Local schools collect nearly 8,000 pounds of food for those in need

Contributed Photo/Courtesy Sherri Clixby: Third-grade students and the Safford Lions Club sort food donations Wednesday morning.

By Brooke Curley

brooke@gilavalleycentral.net

SAFFORD – Graham County parents, it’s that time of year to be extra proud of your children.

Thanks to the hard work of the local school staff, as well as the hundreds of students who brought canned food to school in their backpacks, Our Neighbor’s Farm & Pantry Food Bank received 7,955 pounds of donated food.

The day before Thanksgiving, Gila Valley Central visited the food bank and chatted with Sherri Clixby, director of Our Neighbor’s Farm & Pantry. Clixby had posted requests for aid in preparing the school donations in sorting and storing over the previous weeks on Facebook. However, when Gila Valley Central arrived the afternoon of the school donation arrival, Clixby said that to her delight, everything had been packaged and put away.

Brooke Curley Photo/Gila Valley Central: Sherri Clixby stands in front of one entire wall of sorted and boxed donations from the local schools that were two boxes deep. More donations were in another storage room.

Clixby told Gila Valley Central that a task that would have taken all day was quickly completed with the aid of a local third-grade class of students and the Safford Lions Club.

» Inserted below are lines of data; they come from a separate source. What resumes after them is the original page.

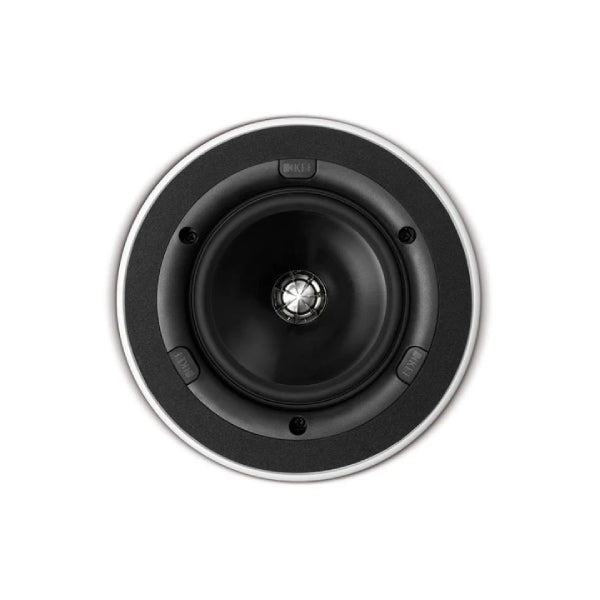 Boxe KEF Ci130QR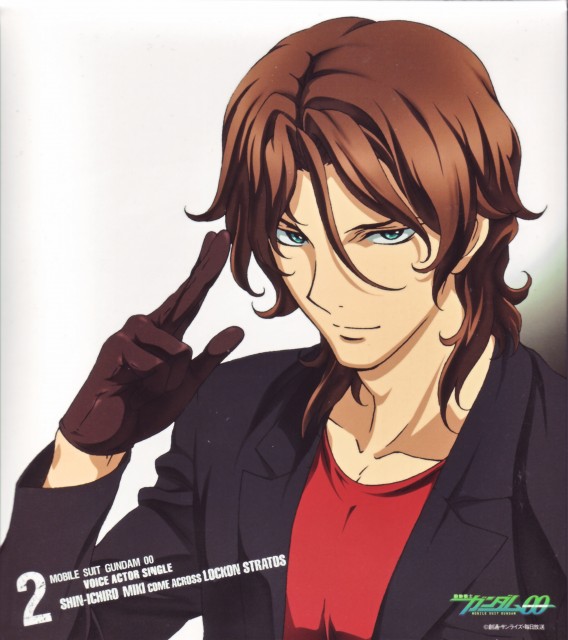 2 洛奧·史當斯.jpg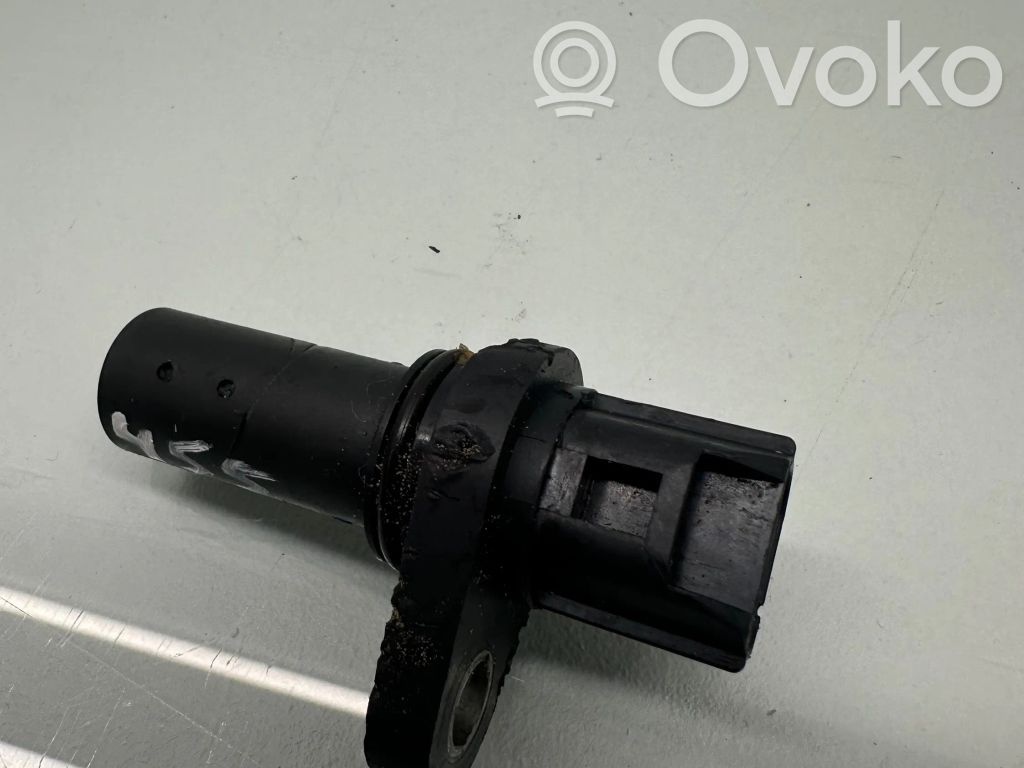 Crankshaft position sensor   1865A126,J5T31972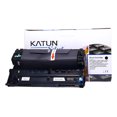 thumbnail image 1 of Unidad Tambor Katun Tipo Dr-820 Compatible Con Dcp L5650, 1 of 5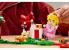 LEGO Aventurile lui Peach - set de baza Quality Brand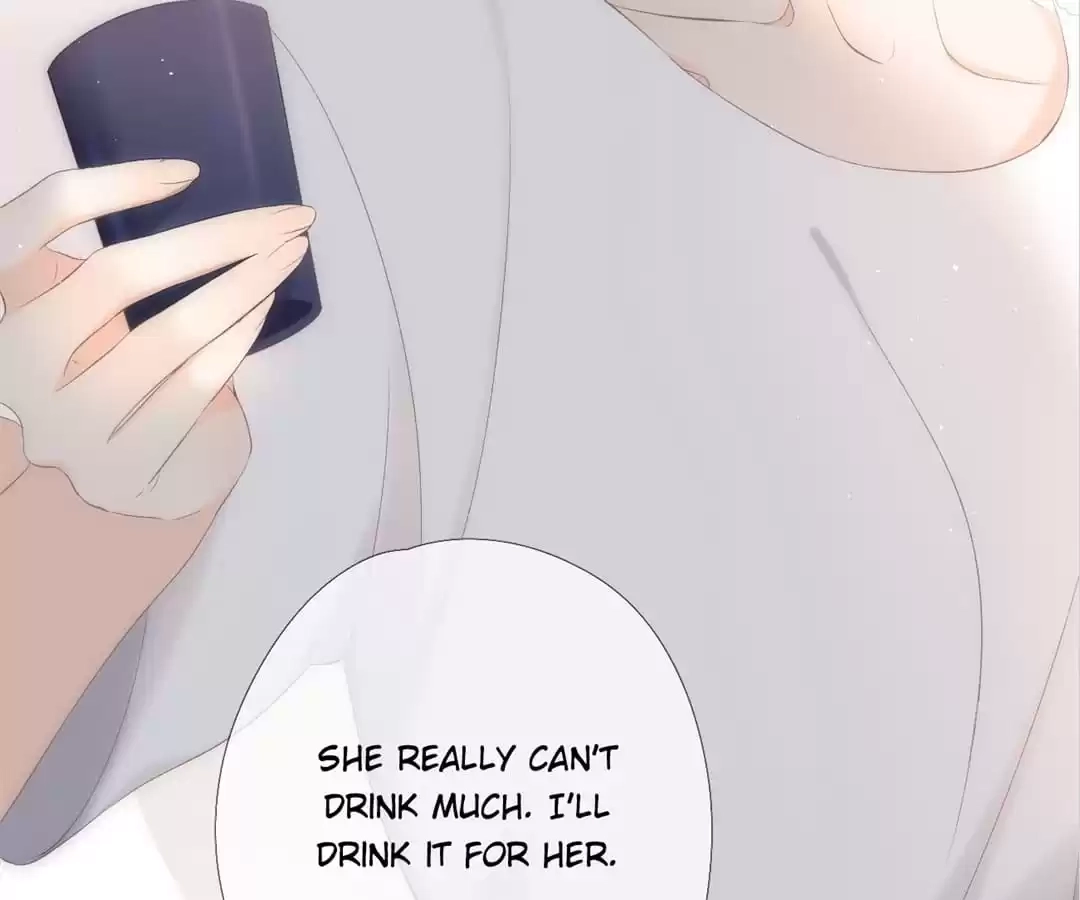 Read Once More chapter 2 image 85 on Lezhin
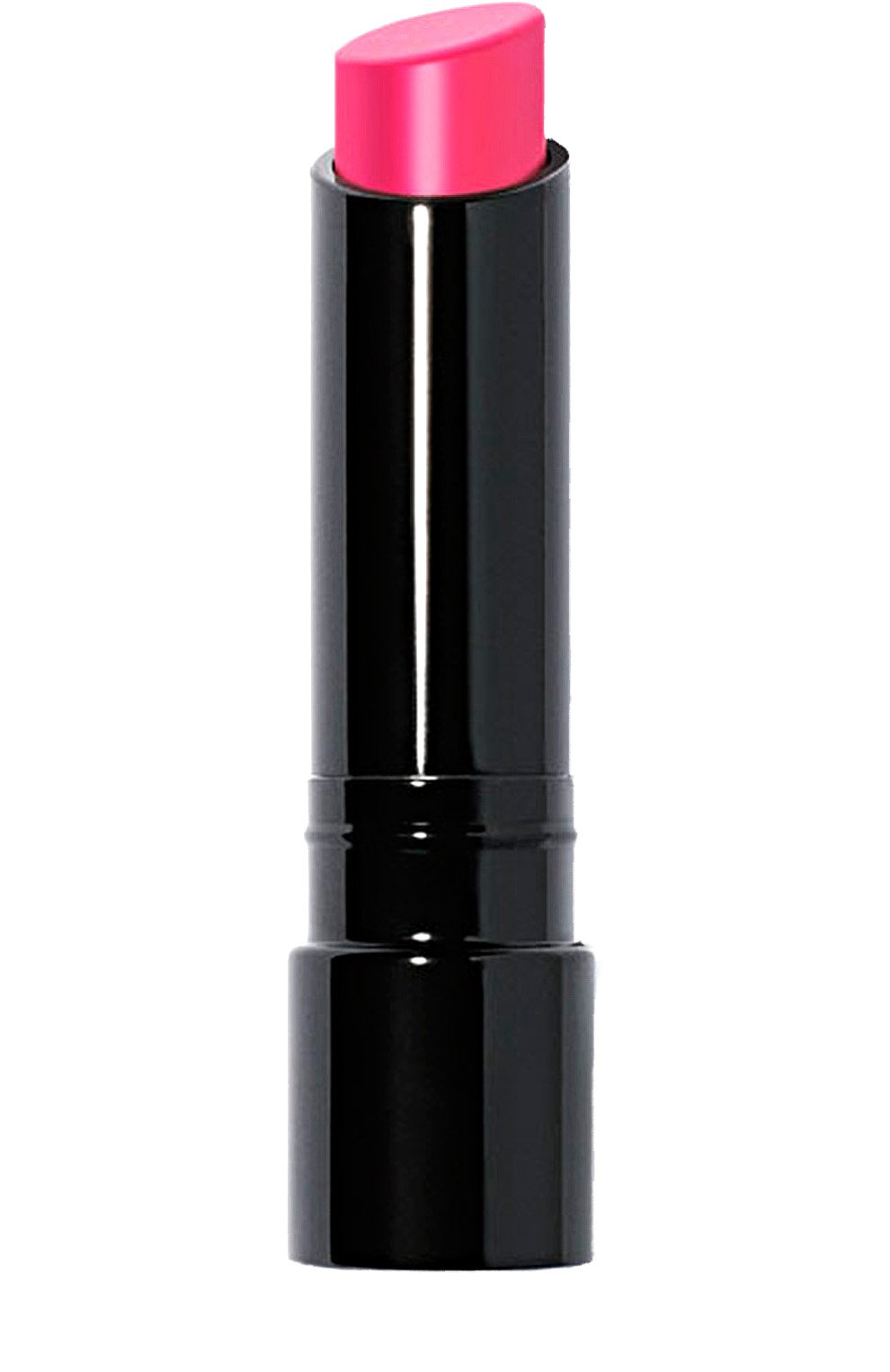 Помада для губ sheer lip color, оттенок berry BOBBI BROWN, арт. E9H6-22, фото 1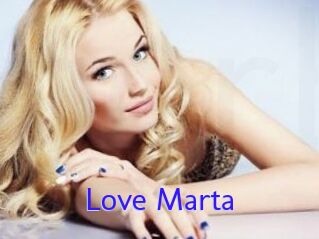 Love_Marta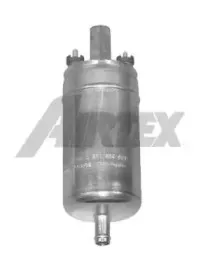 airtex-e8144
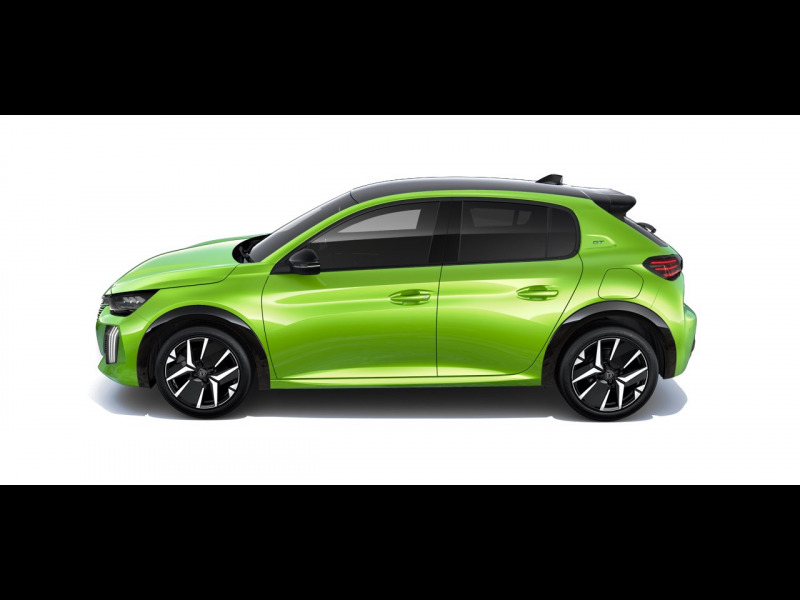 Annonce 473992730/1001255 photo2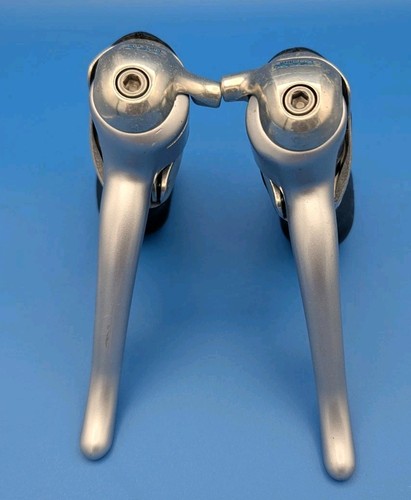 Shimano rsx a410 sti 3x7 - rsx, st-a410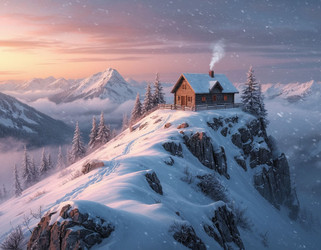 Similar image 22250570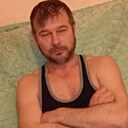 Константин, 60 лет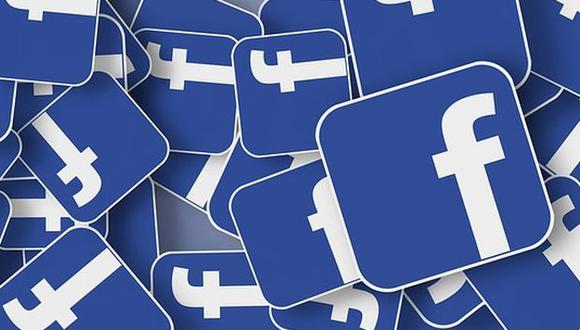 Cuando inicies sesión en Facebook, la red social te enviará una alerta en la que te pide que protejas tu información. (Foto: Facebook / El Comercio)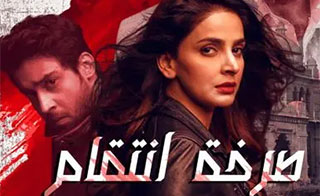 ���� ������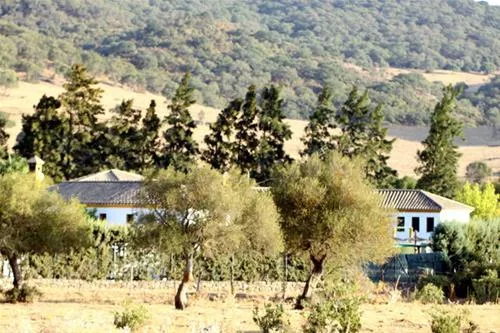 los-gazules-spanje-utccj
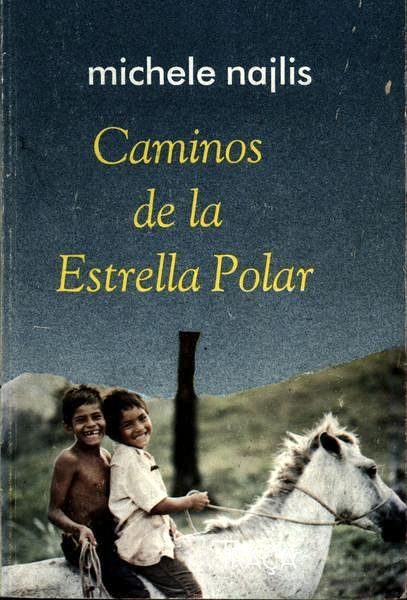 Caminos de La Estrella Polar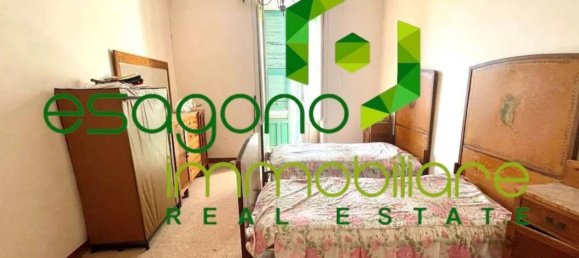 Edifício em Syracuse, Italy 395 m² N.º 350649 43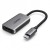Bộ chuyển đổi USB Type C sang HDMI Ugreen (50313)
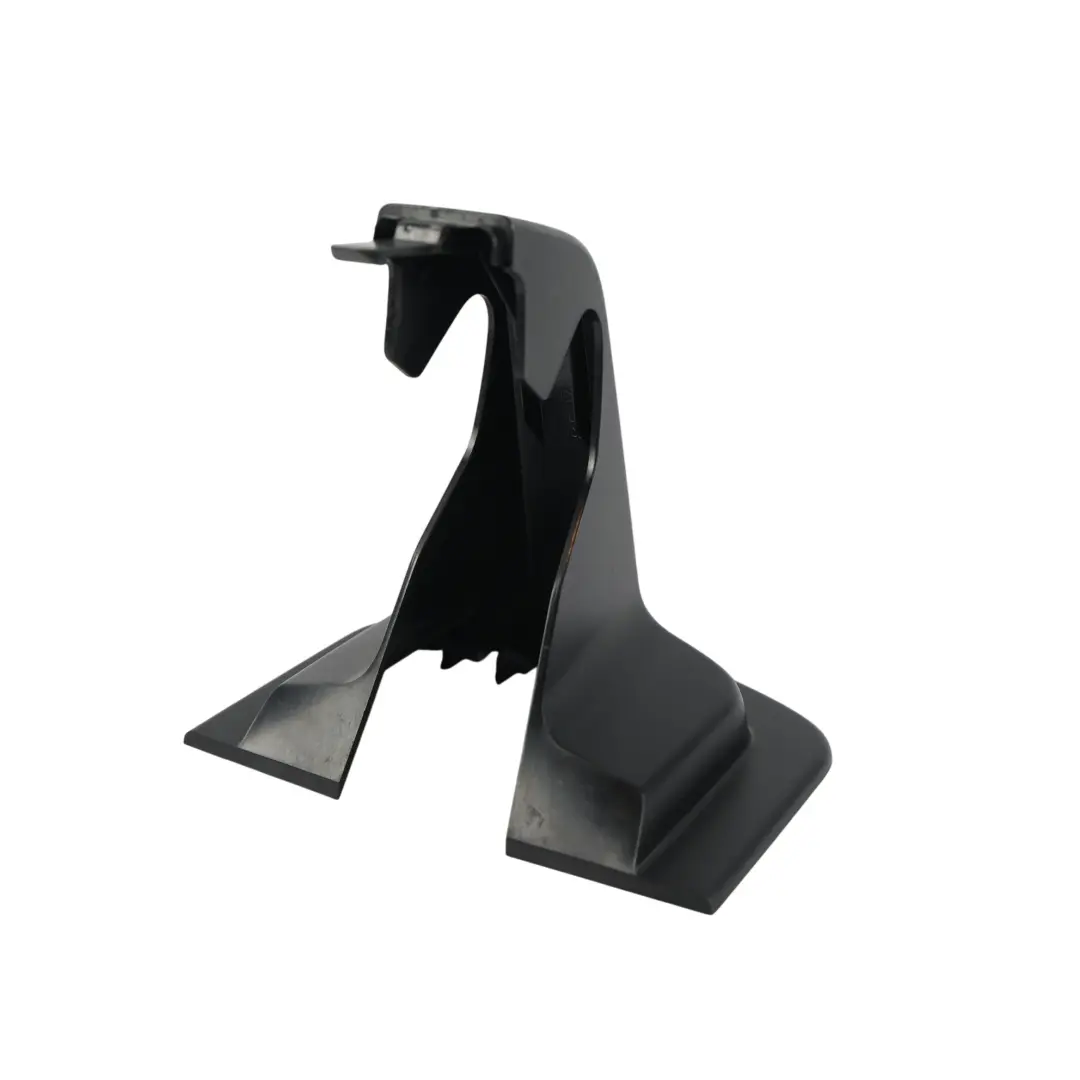 MK3 Cubierta Montaje Asiento Trasero Central para Volkswagen Scirocco con número de pieza 1K8885880A Volkswagen Scirocco MK3 Cubierta Montaje Asiento Trasero Central - SKU 1K8885880A - Número de pieza 1K8885880A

Also, Clixby said she hopes that the food will last for at least a little beyond the holiday season.

“This food will last us beyond Christmas and some time into the winter,” Clixby said. “We will be getting more food drives; a lot of food groups do food drives in December. So, we will do the same thing; we’ll pack it up and put it away because we don’t get a lot of food donations in the winter time. In past years, we got to the end of the summer and we were down to a dozen cans in there. So, we’ve got to stock up in this time in the holiday season.”

Later, Clixby expressed her gratefulness to the local children in Graham County for their willingness to help those in need.

“We are just so grateful that the kids in this county really take this seriously,” Clixby said. “They want to help families (who) need some help, and it’s just a tremendous help to many families.”

Brooke Curley Photo/Gila Valley Central: Sherri Clixby shows members of the Boys and Girls Club of the Gila Valley how to form seed blocks in the Our Neighbor’s Farm & Pantry greenhouse.

A little more than 400 families visit the Our Neighbor’s Farm & Pantry Food Bank, which computes to roughly 16,000 individuals being served by the bank’s resources. Whatever extra that is yielded by the food bank’s garden is donated to the local Meals on Wheels Program, which serves roughly 90 individuals. Working within the community, Our Neighbor’s Farm & Pantry also works with the Boys and Girls Club of the Gila Valley, giving the members a chance to do community service and teaching gardening skills.

Clixby uses the french fry boxes that are donated by the local McDonalds restaurant to store and stack the contributed canned foods. Although Clixby is grateful for McDonalds’ contribution of their boxes, she also respectfully requested that they send more.

Over the holiday season, Our Neighbor’s Farm & Pantry is expecting multiple donations in larger quantities. When another donation sorting party is scheduled, Clixby will be posting an invite to the community to help separate and sort the food donations on the food bank’s Facebook page. To visit Our Neighbor’s Farm & Pantry’s Facebook page, click here.

Brooke Curley Photo/Gila Valley Central: A hard frost has yet to hit the Gila Valley, and Our Neighbor’s Farm & Pantry was a beautiful scene of the harvest Wednesday.